= TRY IT =
The reply needs the lines from the one containing "Grijze suède schoenen" through the end of the material, each repeated exactly, and no pictures.

= STORED DATA =

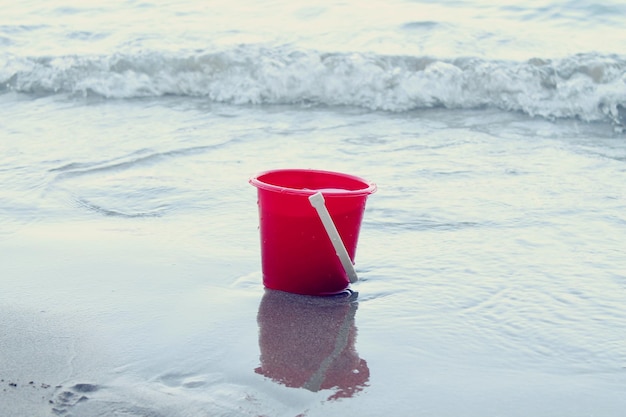 Un secchio rosso sulla riva del mare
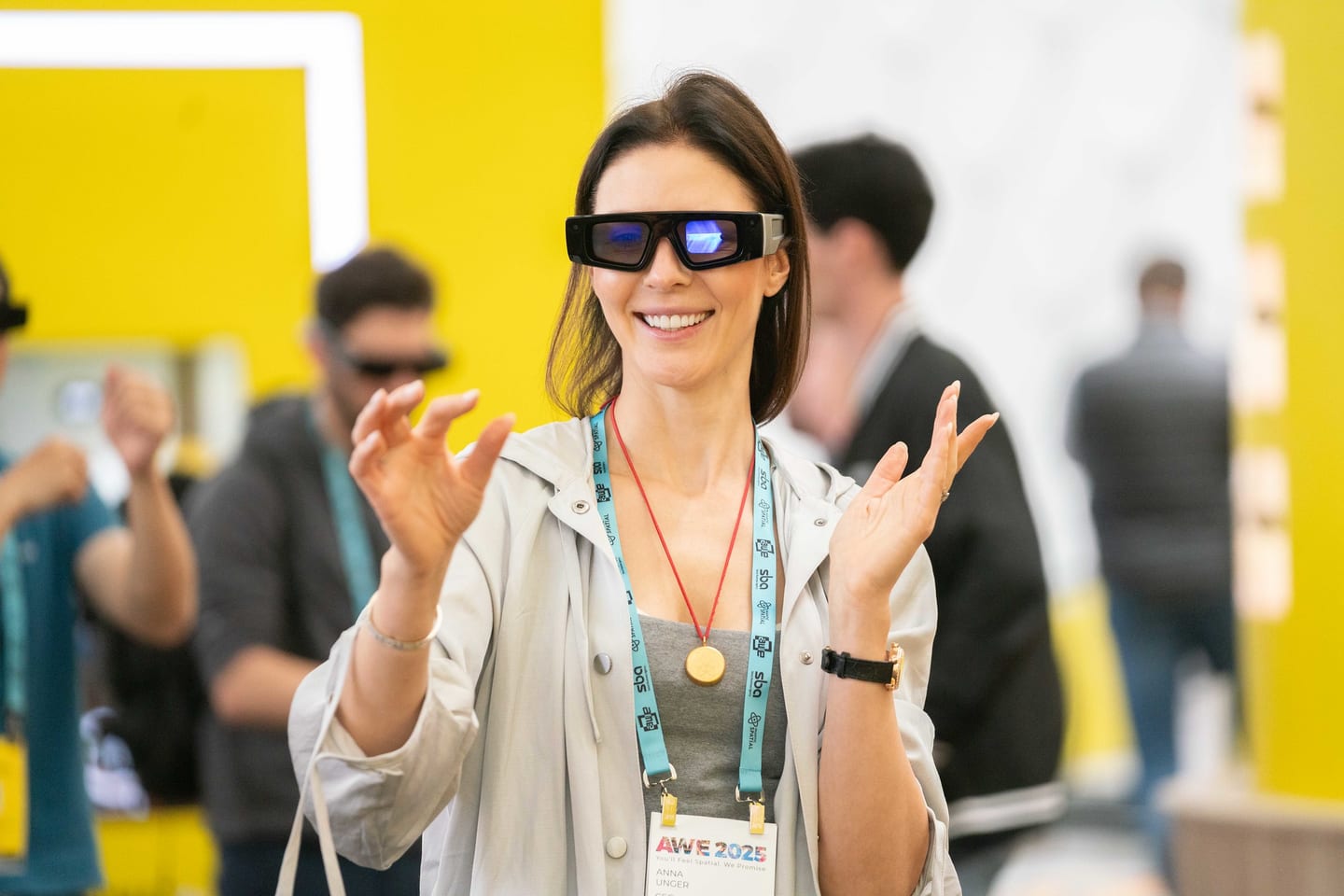 A smiling attendee gesturing while wearing Snap AR Spectacles at Augmented World Expo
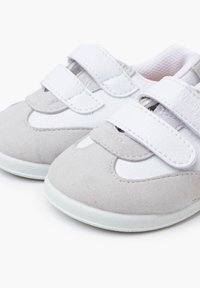 Grijze suède schoenen met witte leren accenten, voorzien van twee klittenbandsluitsingen en een gestructureerde, flexibele witte zool. Rondlopende neus.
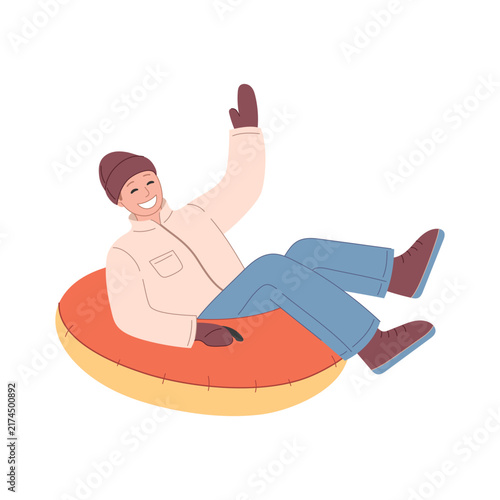 Snow tubing winter activity. Man riding an inflatable snow tube.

= ANSWER AREA =
 Grijze suède schoenen met witte leren accenten, voorzien van twee klittenbandsluitsingen en een gestructureerde, flexibele witte zool. Rondlopende neus.
 Snow tubing winter activity. Man riding an inflatable snow tube.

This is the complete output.